32 pessoas morreram na ocasião

Por Cristóvão Vieira e Alice Kienen

No dia 23 de novembro de 2008 uma série de deslizamentos acompanhados pela explosão de um duto de gás da Transportadora Brasileira Gasoduto Bolívia-Brasil (TBG) resultou na morte de 32 pessoas no Morro do Baú, em Ilhota. O caso tomou proporção nacional. Mesmo assim, porém, 14 anos depois o caso, muitas das famílias envolvidas e vítimas do desastre ainda não foram indenizadas.

Existe uma guerra de versões. As famílias afirmam, desde 2008, que a explosão do duto ocasionou os deslizamentos, e por isso precisam ser indenizadas. A TBG diz que foram os deslizamentos que ocasionaram a explosão, devido a fragmentos terem caído nos canos. Também teriam sido vítimas, portanto, dos desastres climáticos. (Confira posicionamento da empresa na íntegra ao final da reportagem).

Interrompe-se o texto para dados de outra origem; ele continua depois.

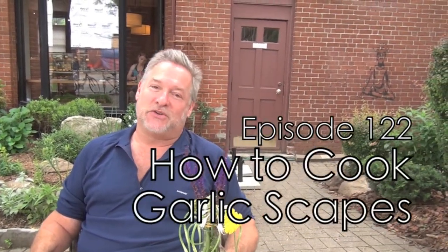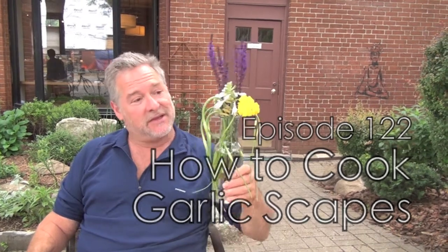Folks, Mark here on the Culinary Compass. I am here today to talk to you about garlic scapes — these funky looking things that you may have seen at the farmer's market and thought, what is that?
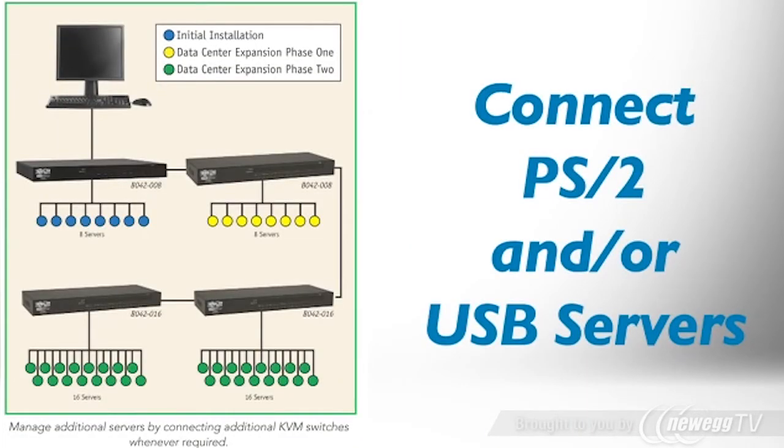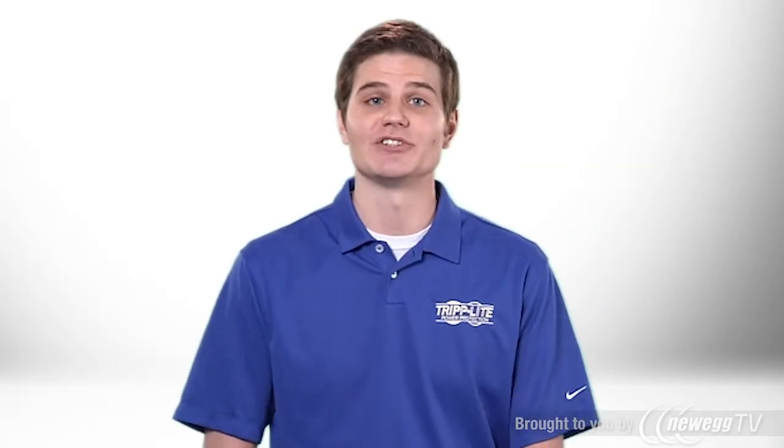You can directly connect up to 8 servers with PS2 or USB ports by ordering P780 series cable kits. And by daisy-chaining additional units, you can expand to connect hundreds of servers.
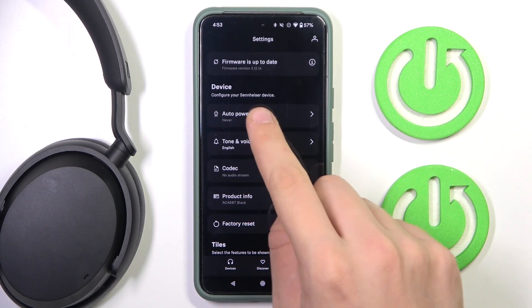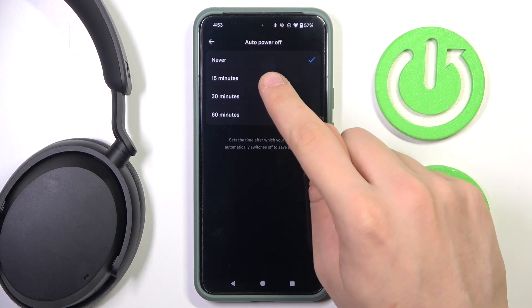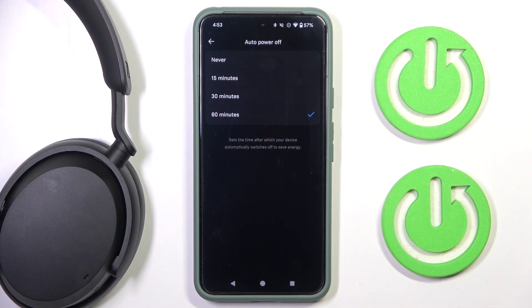The first option in device is auto power off. We have to click on it and as you can see, we can set it from never to 15 minutes, 30, or 60. It saves energy.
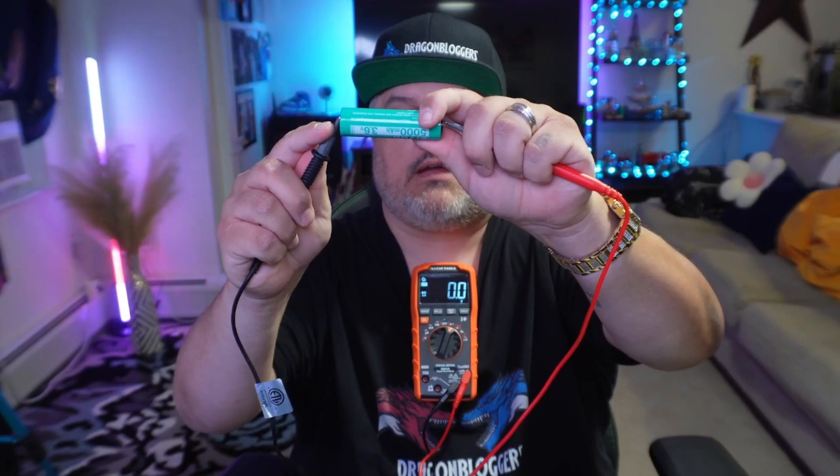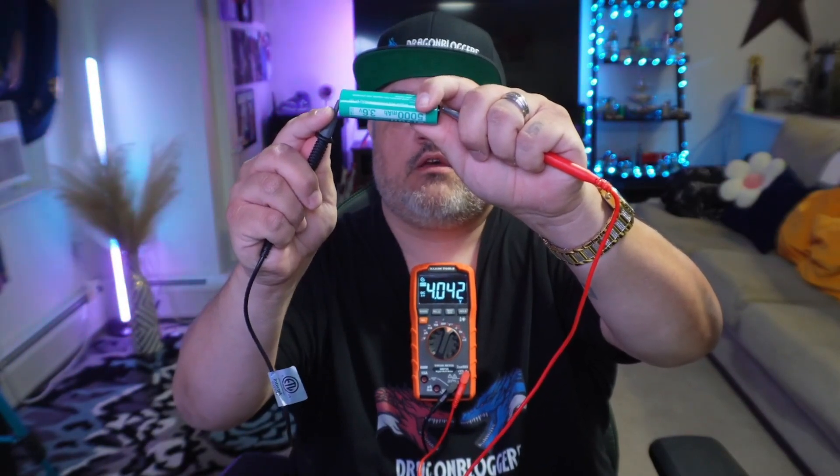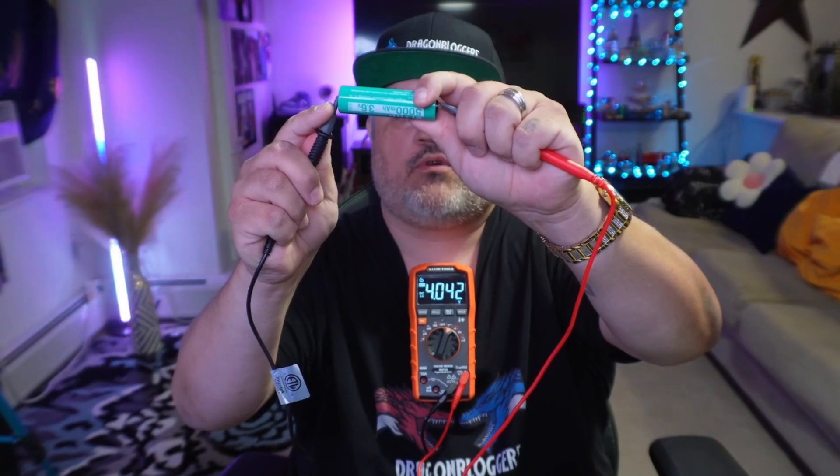I'm going to grab the clip and set it in my shirt so you can see as I'm doing this. You're going to take the hot lead to the positive terminal and tap it, then take the ground lead to the negative. And right here you can see it start reading — it's reading about 4.042 volts of power off of this battery.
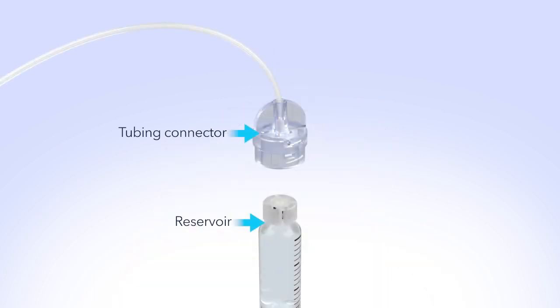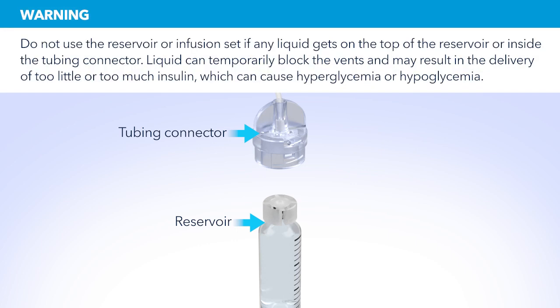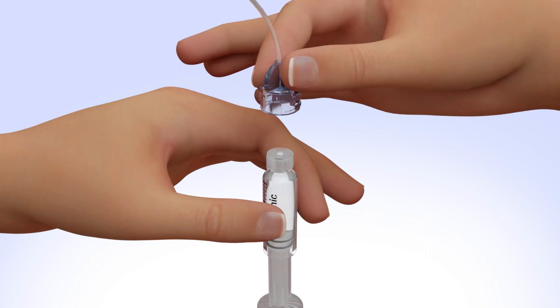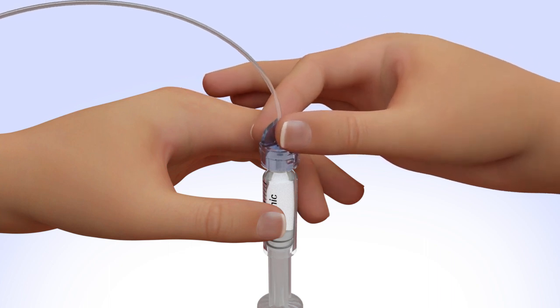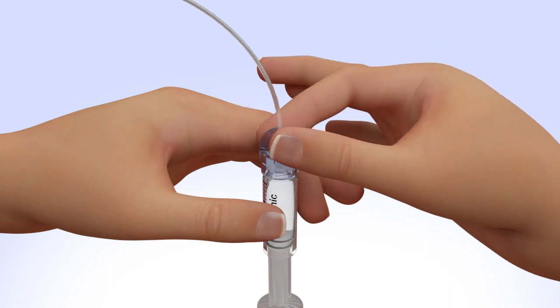Make sure both the top of the reservoir and the inside of the tubing connector are dry before connecting them. Liquid can temporarily block the vents on the tubing connector. If any liquid has gotten on the top of the reservoir or inside the connector, start over again with a new reservoir and set. Hold the tubing by the connector and place it on the top of the reservoir. Find the right position by turning and gently pushing the tubing connector until you feel it slide smoothly in place. Turn the tubing connector clockwise until the reservoir and tubing connector lock with a click.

Em uma entrevista para o jornal Gazeta do Povo na época, o capitão Rodrigo Pierosan, do Corpo de Bombeiros de Rio Grande do Sul, a explosão do gasoduto influenciou nos deslizamentos no Morro do Baú.

A advogada Lenice Kelner, professora na Universidade Regional de Blumenau (Furb), assumiu o caso desde o início. Segundo ela, a empresa vem utilizando de uma série de recursos para postergar decisões e assim deixar de pagar vítimas do desastre. Além disso, algumas pessoas já teriam aceitado receber valores muito abaixo do esperado para receberem algum dinheiro após a tragédia.

Ainda de acordo com Lenice, informações e relatos de testemunhas e vítimas do desastre dão conta de que o problema poderia ter sido evitado, uma vez que, após notar o vazamento, muitos moradores da localidade ligaram para um número de telefone e solicitaram o desligamento.

“Quando instalaram o gasoduto eles entregaram um cartão com contato para emergências de qualquer situação. Eles tinham a possibilidade de interromper a passagem do gás de maneira remota, sem maiores problemas. A população ligou para esse número e não foi atendida. Uma tragédia evitável”.

A advogada, inclusive, na época, utilizou recursos próprios para pagar R$ 50 mil a um perito que comprovou detalhes técnicos da explosão. “Todo o resultado da perícia está anexado ao processo, que não anda. Além disso, a empresa tem recursos de um seguro, mas não libera os valores aos moradores e familiares de vítimas”.

“Jurava que o mundo ia acabar”

As cinco filhas da família Day não conheciam outro endereço que não o Alto Baú. Mesmo após se casarem, continuaram morando próximas, trabalhando juntas como costureiras. A mais velha, Adriana, hoje com 47 anos, era líder da Cooperativa das Costureiras do Alto Baú. Nenhuma delas imaginava que em poucas horas tudo que a família construiu na região seria perdido.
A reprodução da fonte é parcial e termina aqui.